How to Fix Your Web Filter Failure (Stop the Flood!): Page 2

Posted February 17, 2010

Mike Elgan

Mike Elgan

(Page 2 of 2)

7. Avoid Google Buzz until they fix it.

If you're a Gmail user, Buzz has been thrust upon you, followers and all. The fine print at the bottom of Gmail includes a "turn off Buzz" link. This won't cancel your account, or delete your followers. By clicking again, it all comes back, posts and all.

8. Embrace Buzz after they fix it.

Within the next few weeks, or possibly months, the feature set of Buzz will very likely cross some threshold that makes it a tool to fight information overload rather than just another source.

9. Re-embrace narrative.

As social streams have become more important, fragmented, disconnected nuggets of information have displaced stories. The former increase information overload, and the latter relieve it.
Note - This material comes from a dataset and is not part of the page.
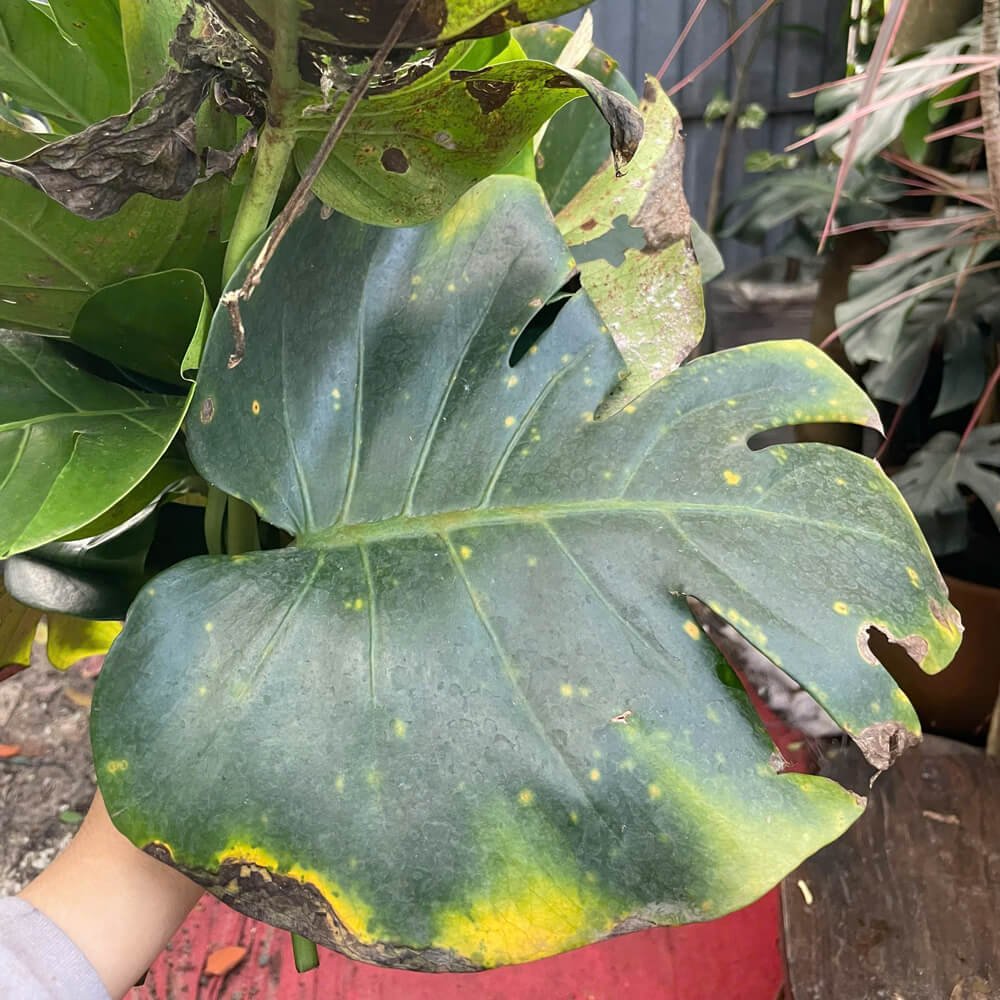 CỨU CÂY MONSTERA BỊ NẤM LÁ 2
Try to get less of your information in the form of tweets and posts, and more in the form of articles, essays and books.

10. Avoid overwhelming yourself.

Don't forget about the number-one source of information overload: You!

How do you manage your ideas, to-do lists, projects, reminders, schedule, contacts and other information? Try to consolidate each type of data into a single place. Favor tools that provide clarity and peace of mind. My personal recommendation is reQall and Teuxdeux for tasks, Google Calendar and Contacts for schedule and address book, and Evernote for everything else. (What these all have in common is superior "findability.")
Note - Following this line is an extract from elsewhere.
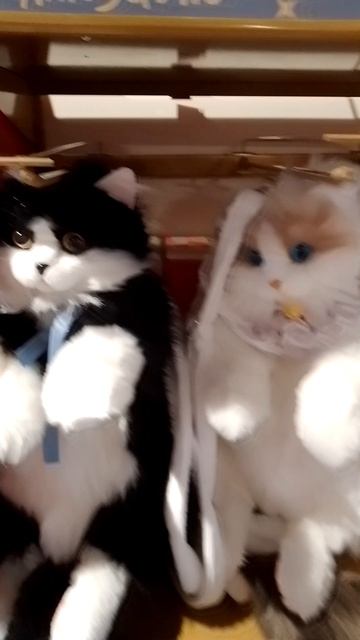 Котик рюкзачёк! смотреть онлайн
11. Beware of information addiction.

Much of our excess media consumption is driven by addiction. That information fire hose is like a crack-pipe for some people. If you feel anxiety whenever you're away from info-streams, then you're an addict. (Admitting you have a problem is the first step.)

Info-addicts are constantly clicking here, there and everywhere -- and signing up for new streams compulsively -- out of a feeling that they're missing out on something. This is a bad reason to overwhelm yourself. And it can leave you without enough mental energy or time to get your work done. If you're addicted, take drastic action. Go cold turkey one day a week without turning on your computer or reading anything on your phone.

12. Watch out for escapism.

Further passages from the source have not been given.